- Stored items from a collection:
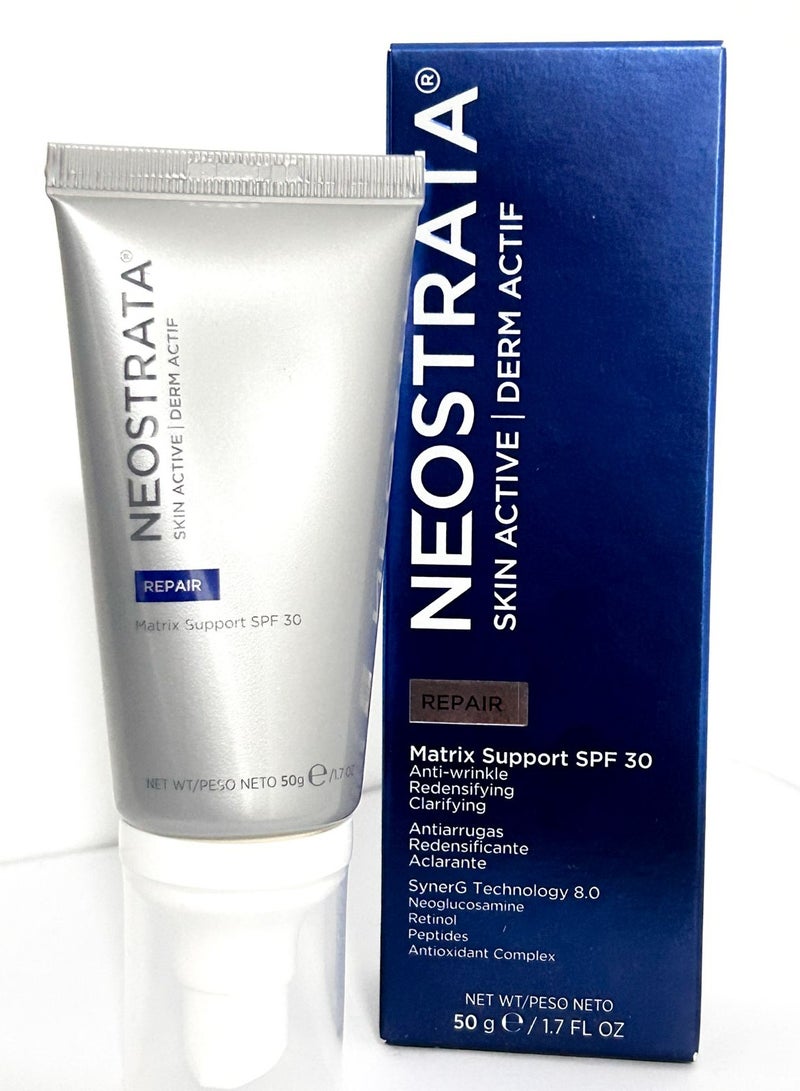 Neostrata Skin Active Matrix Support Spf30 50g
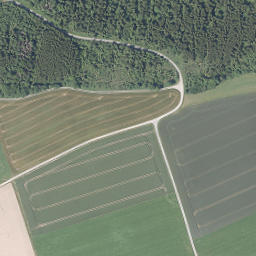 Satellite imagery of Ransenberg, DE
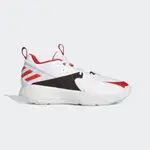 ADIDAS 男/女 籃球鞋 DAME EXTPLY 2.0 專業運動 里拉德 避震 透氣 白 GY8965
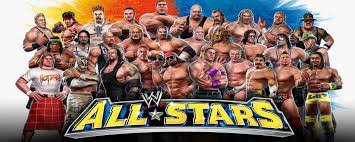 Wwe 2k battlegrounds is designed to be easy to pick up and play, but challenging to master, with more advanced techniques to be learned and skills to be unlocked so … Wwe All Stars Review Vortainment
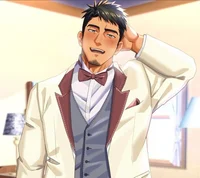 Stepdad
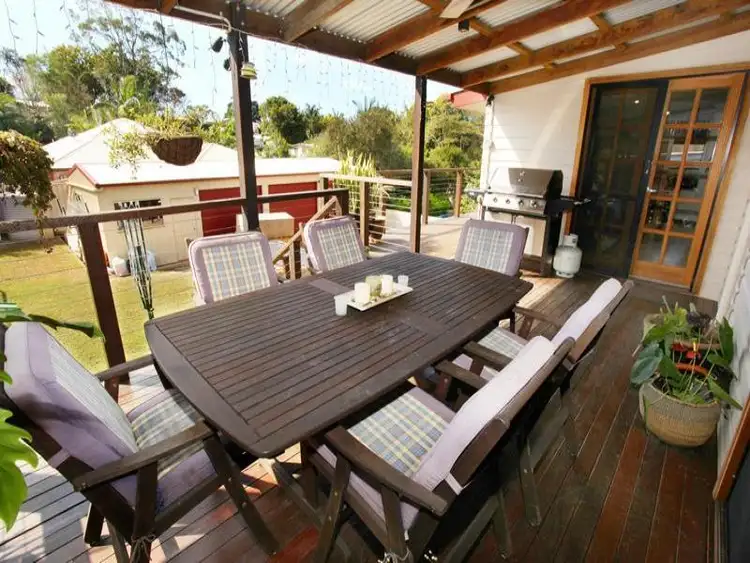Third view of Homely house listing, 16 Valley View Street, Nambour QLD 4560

- Directions:
Only the text of the records above is to be reproduced, exactly as given; the pictures are dropped.

- Result of this exercise:
 Neostrata Skin Active Matrix Support Spf30 50g
 Satellite imagery of Ransenberg, DE
 ADIDAS 男/女 籃球鞋 DAME EXTPLY 2.0 專業運動 里拉德 避震 透氣 白 GY8965
 Wwe 2k battlegrounds is designed to be easy to pick up and play, but challenging to master, with more advanced techniques to be learned and skills to be unlocked so … Wwe All Stars Review Vortainment
 Stepdad
Third view of Homely house listing, 16 Valley View Street, Nambour QLD 4560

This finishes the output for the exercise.